The kitchen is exactly how I remember it, but with a few upgrades since my parents moved out.
A new coffee machine sits on the countertop and our childhood drawings on the fridge have been replaced by an impressively detailed schedule of work shifts and bill reminders, her system unnervingly similar to mine.
Tomasz smiles tiredly at me from the table. “She said we weren’t allowed to eat until you woke up.”
Originally from Poland, Tomasz met Louise during a, by all accounts, very messy night in Dublin celebrating the end of her college exams. It was drunken love at first sight. Other than a few family video calls, I haven’t seen him since their wedding in Gdansk, but I’ve always liked him.
“She thought you were dead,” he says as I take a seat.
Louise huffs by the stove. “She wouldn’t answer her phone.”
“There was no signal,” I say, repeating the same curt conversation we’d had last night after her initial relief turned to annoyance. “I tried to call you a dozen times.”
“And you said you were getting a taxi.”
“It all worked out in the end,” Tomasz says pleasantly.

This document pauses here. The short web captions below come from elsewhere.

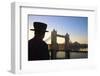 Beefeater and Tower Bridge, London, England, United Kingdom, Europe-Neil Farrin-Framed Photographic Print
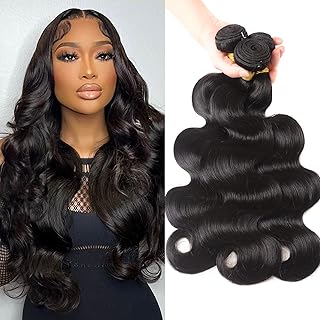 Tasumla 12A Human Hair Bundles 16 18 20 Inch Body Wave 3 Bundles Human Hair 100% Unprocessed Brazilian Virgin Hair Bundles Deals Human Hair Weft Weave Bundles Human Hair Extension Natural Color Afekis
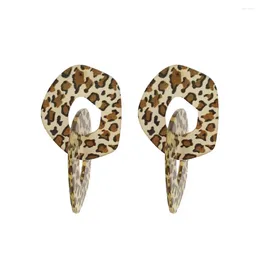 Hoop Earrings Trendy Irregular Circle Linked Leopard Print Drop For Women Girl Casual Charmy OL Multi Wearing Jewellery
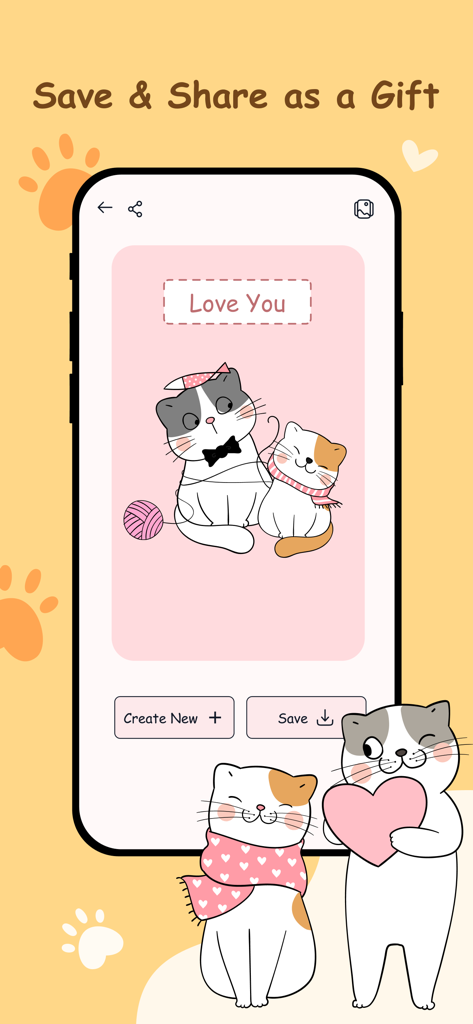 Cat Language Keyboard DIY - Cute cat illustration with Love You text in the Cat Language Keyboard DIY app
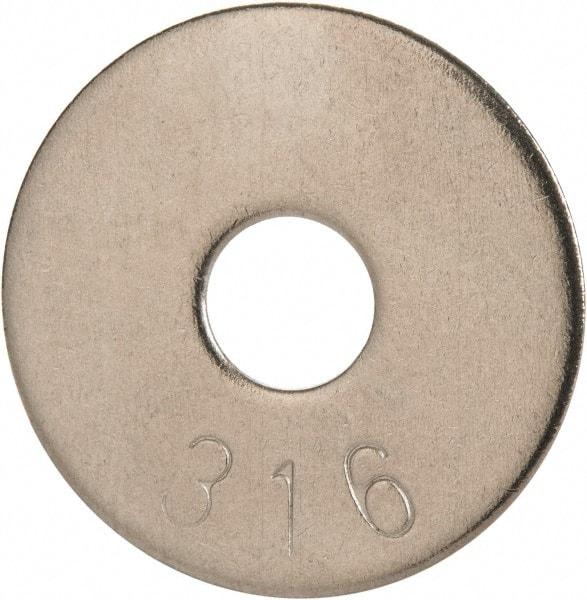 Value Collection - 1/4" Screw, Grade 316 Stainless Steel Fender Flat Washer - 1/4" ID x 1" OD, 0.06" Thick, Plain Finish - Exact Tool & Supply
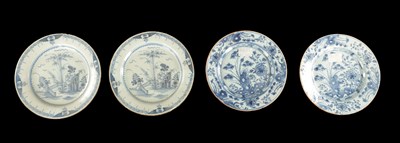 Lot 179 - A PAIR OF BRISTOL DELFT PLATES CIRCA 1760 AND A PAIR OF LIVERPOOL DELFT PLATES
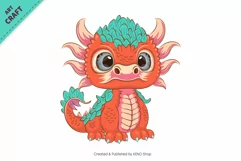 Cartoon orange dragon. Fantasy clipart. Product Image 2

Louise mutters something under her breath and a moment later puts a plate of pancakes in front of me.
Well. This is weird.
We were never a family that ate breakfast together. Breakfast was a slice of toast on the way to school or a bowl of sugary cereal on the weekends. We certainly didn’t sit at the table like a family in a sitcom, not even on special occasions. Not even at Christmas.
“Thanks,” I say, picking up a fork. “This is nice.”
She nods, squeezing half a lemon over hers.
“You should have made American pancakes,” Tomasz says, already several bites into his.
“I love crêpes,” I say quickly as Louise glares at him. Tomasz doesn’t notice. Or maybe he’s just used to it. God knows I am.
Louise and I have never gotten along. We’re only three years apart but might as well have been from different planets.
While I was studying between house parties and imagining a life beyond the border of my town, Louise was writing letters to local politicians and begging our parents to drive her to Dublin for the latest protest. She was an ecowarrior before it was cool, driven by some grave sense of injustice since birth.
I don’t know where it came from. Definitely not my parents, who treated it all with bemused indifference, buying organic food at her urging and dutifully recycling.
I took no interest in her marches or her petitions.
Saturday mornings were for sleeping in, not standing in the cold collecting money for a seal sanctuary.
I know she resents me for leaving like I did, straight out of school without so much as a “see you later,” but the real knife in the back was going on to work at a place like MacFarlane, which in her mind did nothing to help the world and everything to ruin it.
I mean, she wasn’t wrong.
“What’s the plan for today?” Tomasz asks when neither Louise nor I attempt conversation.